Announcing the first GPU-accelerated hosted desktop

9 years ago   •   1 min read

By Daniel Kobran

Paperspace is the first hosted-desktop provider to come standard with a GPU. Why does this matter? Two primary reasons:

Fluid OS experience

Applications today are built to leverage GPUs. The GPU, short for Graphical Processing Unit, is what enables media-rich content to be created and displayed within computers. Traditionally however, GPUs have not been available within virtual desktops[1]. This results in a severely degraded VM experience and prohibited entire industries like architecture, engineering, graphic design, animation etc. from benefiting from this otherwise incredible technology. That is until now: Paperspace is the first provider of hosted-desktops that includes a GPU in every machine.
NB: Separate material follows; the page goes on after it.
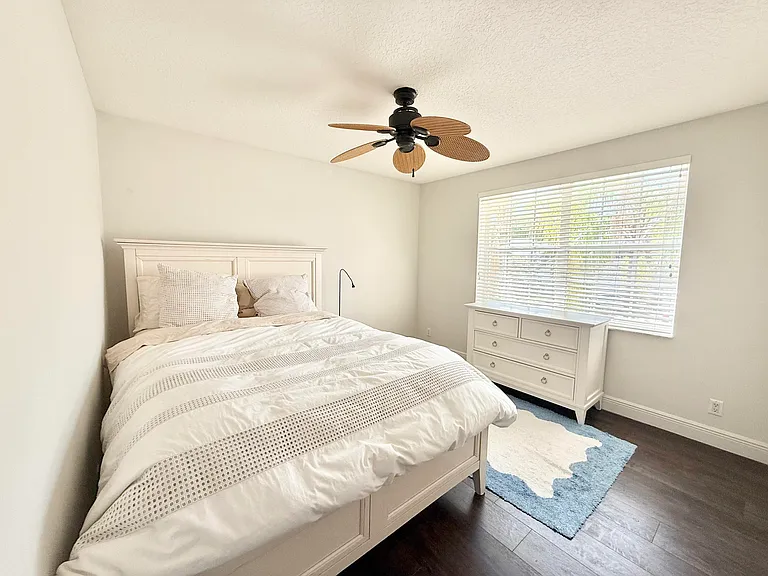 12671 Yardley Dr — Photo 14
For the first time, it is possible to achieve near native performance in a remote machine.

Streaming performance

Without a GPU available, desktop streaming protocols have traditionally used the CPU to encode video frames. CPUs are really good for serial tasks (one large calculation after another) but bad at parallel tasks (lots of tiny calculations simultaneously). Spoiler alert: Encoding frames is of the latter computational type. GPUs are basically made for encoding video and can cut down on latency, the holy grail of real-time streaming applications. Desktop streaming needs to happen in less than ~60 milliseconds for the human eye not to perceive lag. In the last few years, the internet has become really fast and GPUs are almost always available on the client side to decode the incoming video frames. This leaves the encode side as the only significant area for optimization and is the reason why we put GPUs in all our machines.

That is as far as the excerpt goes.